On fatness, dating and getting comfortable

Being fat, especially being a fat woman, is something of a unique experience. People do not like to hear the word ‘fat’ from the mouth of An Actual Fat Person. Some hate the idea of fat people owning their own bodies, while others assume it’s an act of self-hatred.

One’s own fatness particularly comes to the fore when dating. It took me a good few weeks into using Tinder when I first downloaded it over 3 years ago, to recognise my strange swiping habits.  I would only swipe right for men who were, or at least appeared to be, fatter than I was or equivalently fat. I find all types of men attractive but the fear of rejection from the ones whose bodies didn’t look like mine was overpowering.

Online dating can be a terrifying experience when you are fat. I was diligent in ensuring I had full body shots and that my profile was also linked to my Instagram account just to ensure that I was being truthful and honest.

God forbid I should be accused of being a catfish.

As a fat woman, you are frequently put into situations where you have to use the word fat negatively as part of social convention.
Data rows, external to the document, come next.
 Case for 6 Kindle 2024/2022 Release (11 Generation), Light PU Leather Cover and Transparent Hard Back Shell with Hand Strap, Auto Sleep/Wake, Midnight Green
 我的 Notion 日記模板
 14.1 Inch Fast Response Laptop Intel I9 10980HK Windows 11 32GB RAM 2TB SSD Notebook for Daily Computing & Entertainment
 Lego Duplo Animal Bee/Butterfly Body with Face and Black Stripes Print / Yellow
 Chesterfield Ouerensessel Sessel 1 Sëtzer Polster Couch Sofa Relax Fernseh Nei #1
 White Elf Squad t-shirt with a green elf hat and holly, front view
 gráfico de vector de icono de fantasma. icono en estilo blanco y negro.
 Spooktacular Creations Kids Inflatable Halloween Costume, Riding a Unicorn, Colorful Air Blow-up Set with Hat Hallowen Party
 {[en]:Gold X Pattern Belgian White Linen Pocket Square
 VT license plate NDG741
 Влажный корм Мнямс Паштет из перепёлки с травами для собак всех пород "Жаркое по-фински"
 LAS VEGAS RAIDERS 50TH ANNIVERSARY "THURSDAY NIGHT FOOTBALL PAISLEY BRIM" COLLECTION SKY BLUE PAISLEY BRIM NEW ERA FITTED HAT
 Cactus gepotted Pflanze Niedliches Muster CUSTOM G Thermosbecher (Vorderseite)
One of the most degrading things fat women experience is assuring our thin friends that they are not fat when they say that they ‘feel fat’.

Fat is not a feeling. You cannot ‘feel’ fat. You are fat. I am fat. It is a body type. By attempting to placate their anxieties about their body we must disparage our own. We already feel uncomfortable with how our friends see fatness, and this is amplified even further when we think about the people who will see us naked.

The difficultly in navigating the dating world with a fat body extends beyond online dating. When talking with men in bars/clubs, men who are evidently interested in me, I have found myself wondering if what I am wearing is too flattering or if where we are standing is too dark.

I have literally been standing in front of someone with my fat body hoping that they can tell that I am fat, which they obviously can. I reiterate: being a fat woman is a unique experience.

I re-downloaded Tinder last summer after being in a relationship for over two years. As I grow older, I become more in-tune with and accepting of my body. This extended to me swiping right on anyone I found attractive and not just people who I thought wouldn’t find my body unfamiliar territory. I still only said yes to about 1 in 25 men though.

I previously assumed men who were interested in me either romantically, sexually or both, did so in spite of my fatness. My face is alright and I’ve got a pretty good sense of humour so I assumed that these were my draws. My fatness was something to be overlooked, to be tolerated instead of celebrated. Quite unsurprisingly, this is not true. My body is attractive to some people. Why should I even say some people? My body is attractive. What a world.

Once again this was a realisation that seemed to come with gradually ageing and learning. I am 22 and I am still getting to know myself.

It’s sad that fatness is still so ingrained as something unattractive for so many people, but at least it is not for me anymore and the way I see myself. Now, of course everyone has preference, but being so averse to a thick thigh could mean missing out on some pretty hot lays.